29 Ekim Kadınları Derneği Manisa Şubesi adına açıklamada bulunan Dernek Başkanı Fatma Ayhan, "Medeni Kanun; kişiler hukuku, aile hukuku, miras hukuku ve eşya hukuku kurallarıyla; vatandaşların doğumundan ölümünden sonraki döneme kadarki süreçteki ilişkilerini düzenleyen temel bir kanundur" dedi.

Başkan Ayhan açıklamasında şunları kaydetti:

"17 Şubat 1926 tarihinde kabul edilen Türk Medeni Kanunu, Mustafa Kemal Atatürk önderliğinde kurulan Cumhuriyetimizin hukuk alanındaki en büyük devrimlerindendir. Laiklik esas alınarak çok hukukluluk kaldırılmış, bireyler eşit ve özgür yurttaşlar haline getirilmiştir.

Türk Medeni Kanunu özellikle Kadın Haklarının güvencesi olmuştur. Kadınlarımız; evlenme, boşanma, mal varlığı edinme, miras gibi özel yaşamlarına ilişkin haklar bakımından erkeklerle eşit konuma getirilmiştir. Erkeğin çok eşliliği ve tek taraflı boşanmaya ilişkin düzenlemeler kaldırılarak, evlilikte resmi nikâh zorunluluğu, tek eşle evlilik esası getirilmiştir. Kadınlara boşanma hakkı, velayet hakkı ve malları üzerinde tasarruf hakkı, mahkemede tanıklık yapma, eşit miras hakkı tanınarak; kadın-erkek eşit hale getirilmiştir. Türk kadınının iktisadi, siyasi ve sosyal yaşama katılımının önündeki engeller kaldırılarak, medeni, siyasi ve kültürel haklar yönünden eşitlik sağlanarak çağdaş bir toplumda kadının hak ve özgürlüklerine kavuşmasının önü açılmıştır.

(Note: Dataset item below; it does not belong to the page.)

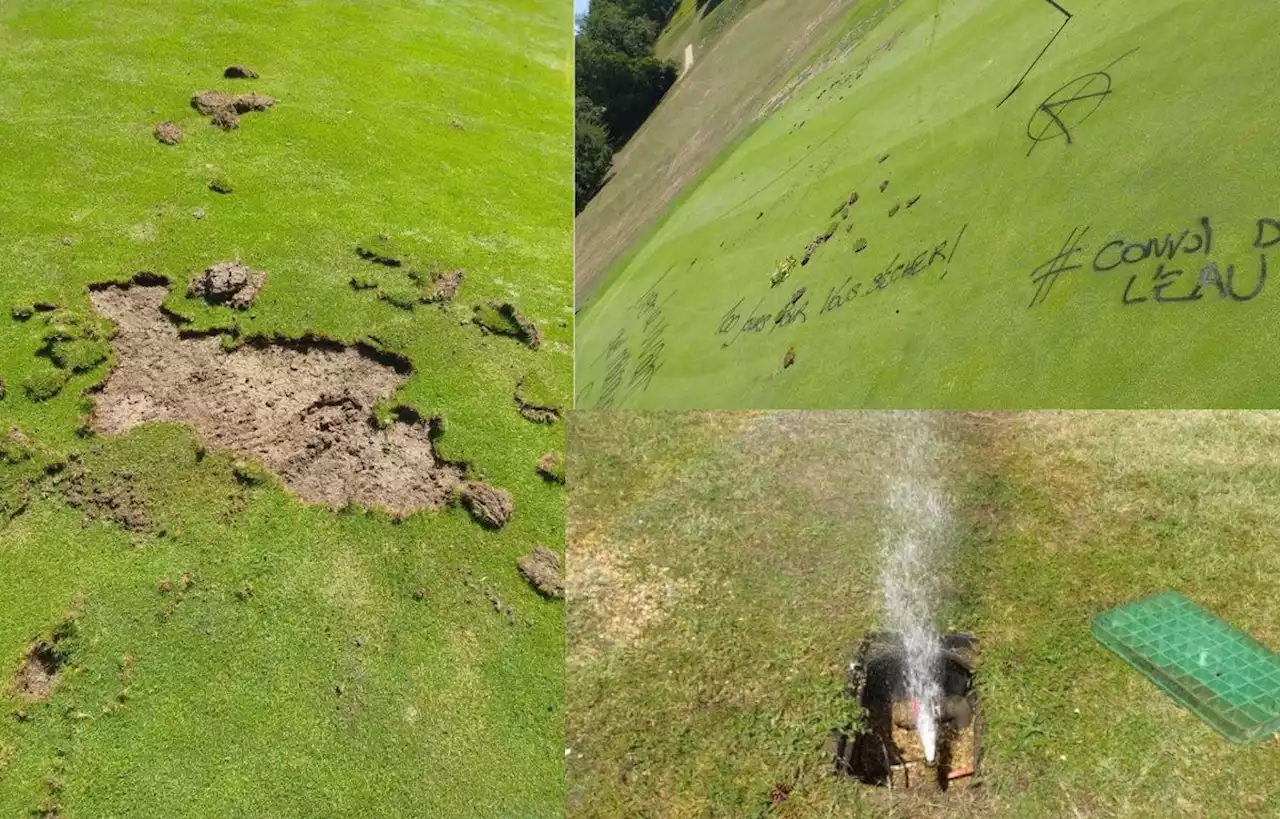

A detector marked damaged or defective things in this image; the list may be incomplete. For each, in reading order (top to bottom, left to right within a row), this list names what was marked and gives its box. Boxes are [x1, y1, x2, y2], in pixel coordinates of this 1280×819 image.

Kadınları eşit ve özgür yurttaş olmaktan uzaklaştıracak her türlü sosyal, ekonomik, siyasi ve hukuki düzenlemeler, kadının insan haklarının ihlaline yol açacaktır. Medeni Kanun'un kabulüyle elde edilen ve Yeni Medeni Kanun'un kabulüyle daha da genişleyen kadın hakları kazanımlarını ortadan kaldıracak her türlü söylem, eylem ve yasal değişikliklerden uzak durulmalıdır. Yoksulluk nafakasının kaldırılması, İstanbul Sözleşmesinden imzanın çekilmesi, aile hukukunda zorunlu arabuluculuk gibi konularda yapılması düşünülen her türlü değişiklik, kadın hakları kazanımlarından ödün verilmesine neden olacak, kadınlar açısından mağduriyet yaratacaktır. Anayasamızda yer alan laiklik ilkesini göz ardı eden gelişmeler, kadını eşit ve özgür bir birey-yurttaş olmaktan uzaklaştıracak olup, bu tür söylemlerden, uygulamalardan ve yasal değişikliklerden geri durulması Anayasal bir zorunluluktur.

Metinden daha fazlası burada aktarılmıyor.